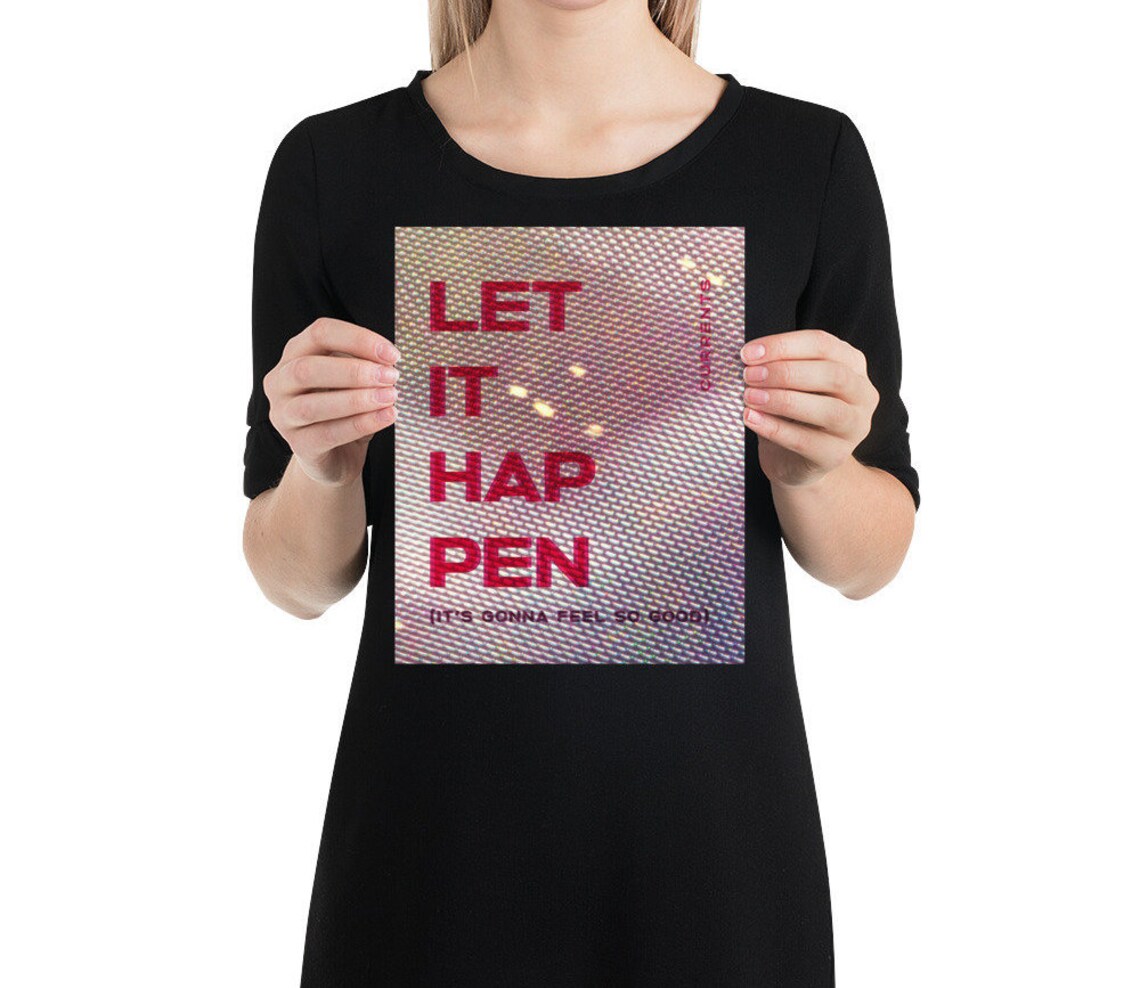 tame impala let it happen lyrics tame impala let it happen lyrics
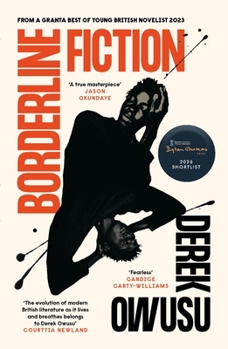 Borderline Fiction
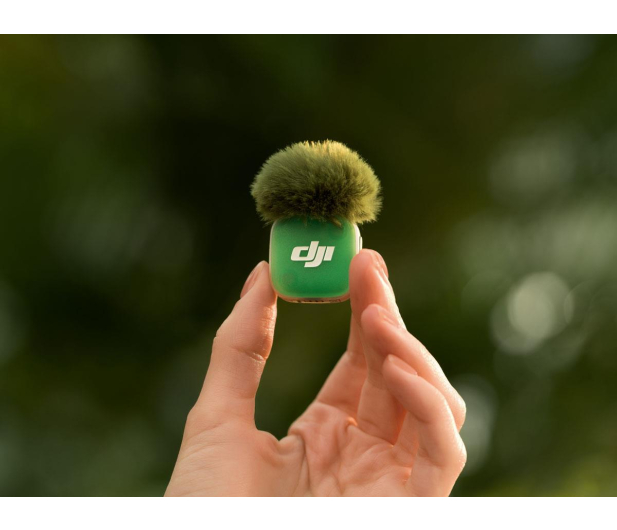 DJI Mic Mini 2 (2 TX + 1 RX + Etui ładujące) - 1517182 - zdjęcie 10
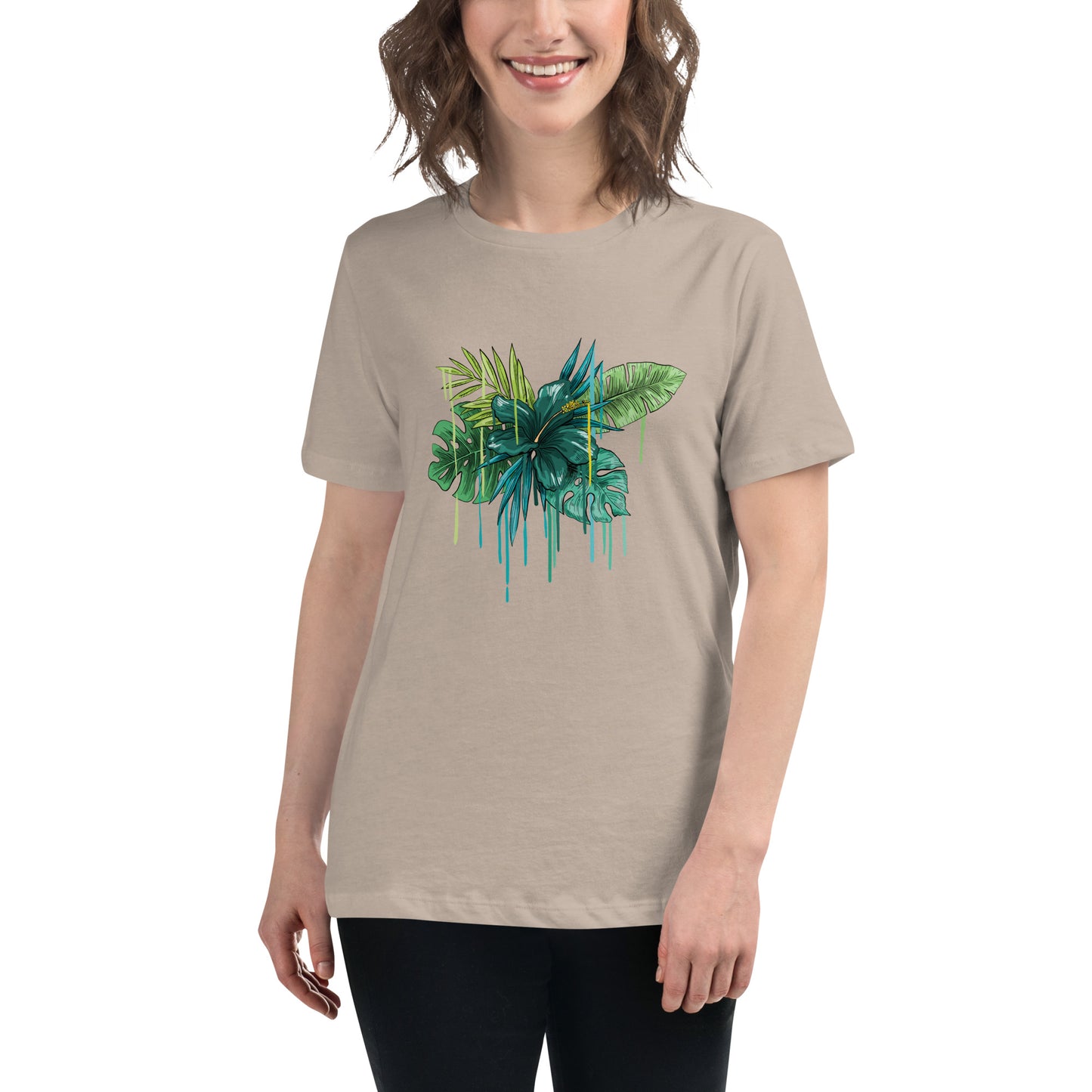 Women's Relaxed T-Shirt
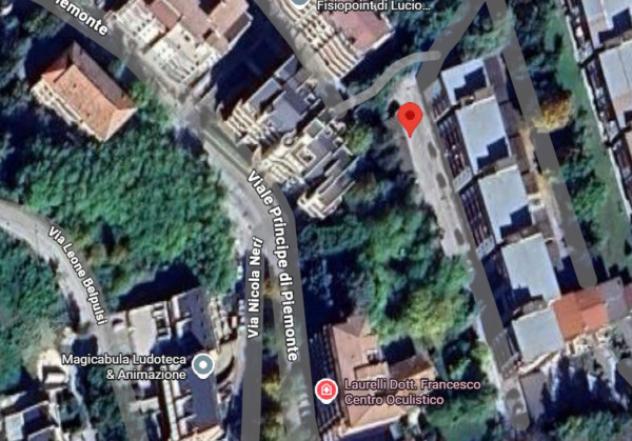Immobile in asta di 22 m², box auto in vendita a Campobasso - Foto 6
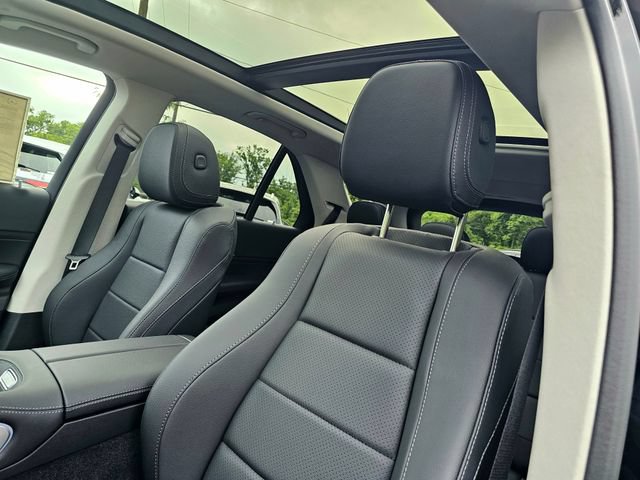 New 2026 Mercedes-Benz GLE 350 4MATIC image 18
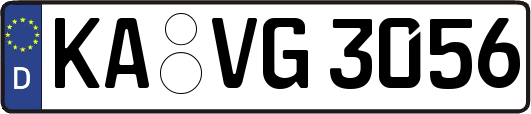 KA-VG3056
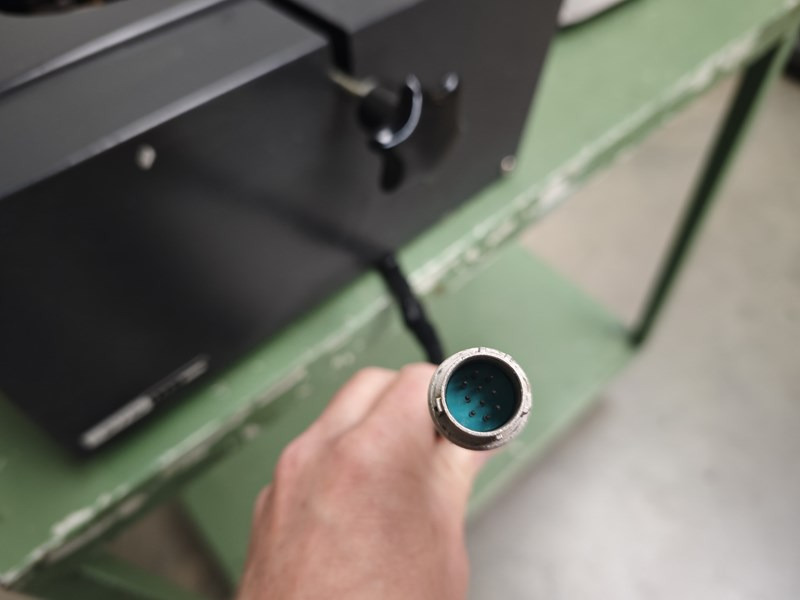 Horizon CR-14 - Machine d'impression: photos 3 Horizon CR-14 - Machine d'impression: photos 3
——
> Task description:
Word for word, retype the lines from the one with "Women's Relaxed T-Shirt" through the final line of the data, both included. No pictures belong in the copy.

> Solution:
 Women's Relaxed T-Shirt
Immobile in asta di 22 m², box auto in vendita a Campobasso - Foto 6
 New 2026 Mercedes-Benz GLE 350 4MATIC image 18
 KA-VG3056
 Horizon CR-14 - Machine d'impression: photos 3 Horizon CR-14 - Machine d'impression: photos 3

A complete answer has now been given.